=== Materials provided ===
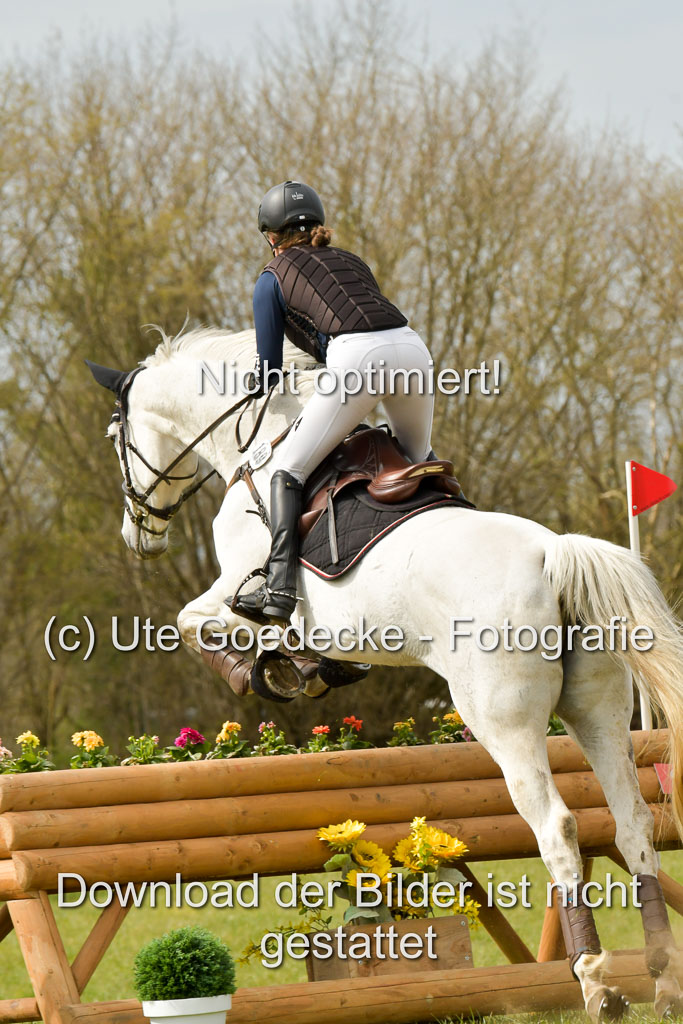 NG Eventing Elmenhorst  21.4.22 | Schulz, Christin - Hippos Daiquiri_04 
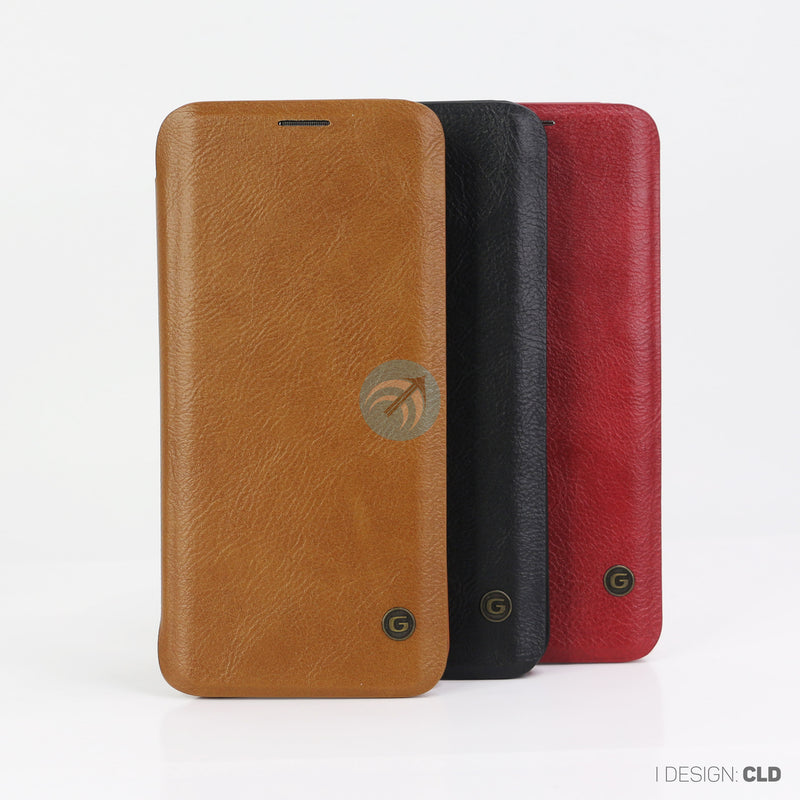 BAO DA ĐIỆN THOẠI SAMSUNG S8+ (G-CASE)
---
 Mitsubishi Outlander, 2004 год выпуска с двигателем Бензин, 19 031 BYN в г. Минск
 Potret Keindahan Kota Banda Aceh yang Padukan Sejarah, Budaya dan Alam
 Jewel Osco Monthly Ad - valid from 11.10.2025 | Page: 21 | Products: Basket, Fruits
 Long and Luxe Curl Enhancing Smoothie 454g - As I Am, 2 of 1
--
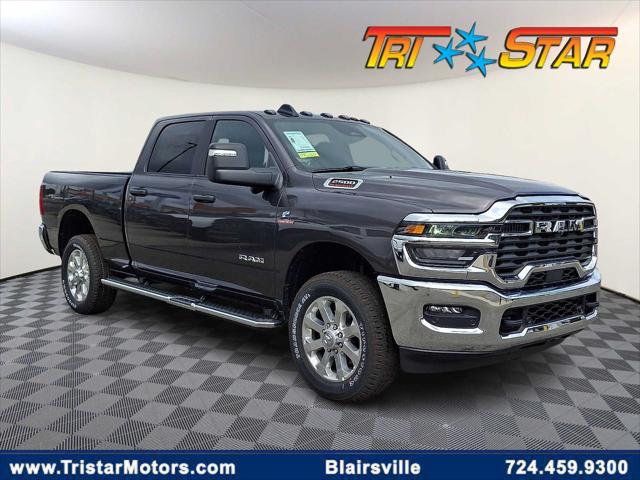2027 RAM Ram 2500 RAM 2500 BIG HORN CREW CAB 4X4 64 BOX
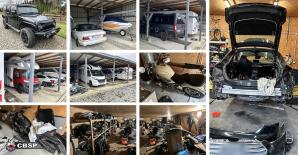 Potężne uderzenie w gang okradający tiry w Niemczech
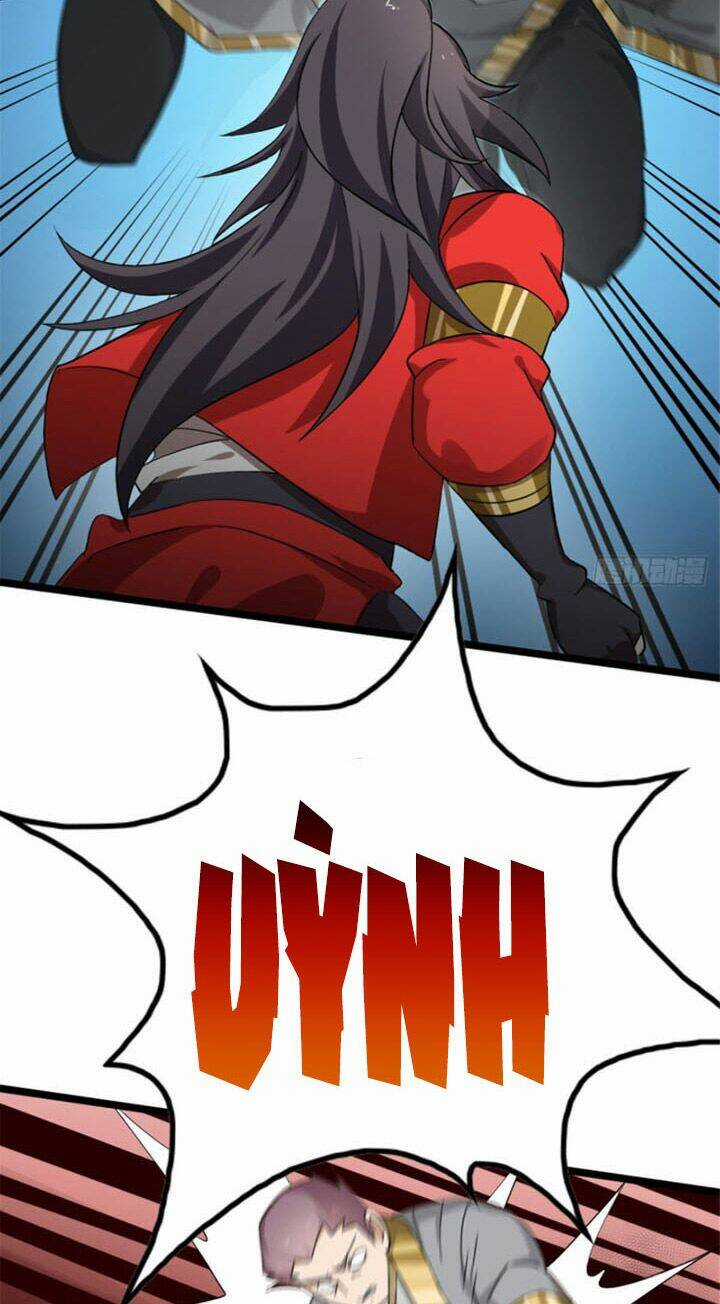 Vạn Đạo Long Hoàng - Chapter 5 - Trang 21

=== Task requirements ===
Of the lines above, extract only those from the line with "Mitsubishi Outlander, 2004" to the line with "Long and Luxe", both included, exactly as written.

=== Answer space ===
 Mitsubishi Outlander, 2004 год выпуска с двигателем Бензин, 19 031 BYN в г. Минск
 Potret Keindahan Kota Banda Aceh yang Padukan Sejarah, Budaya dan Alam
 Jewel Osco Monthly Ad - valid from 11.10.2025 | Page: 21 | Products: Basket, Fruits
 Long and Luxe Curl Enhancing Smoothie 454g - As I Am, 2 of 1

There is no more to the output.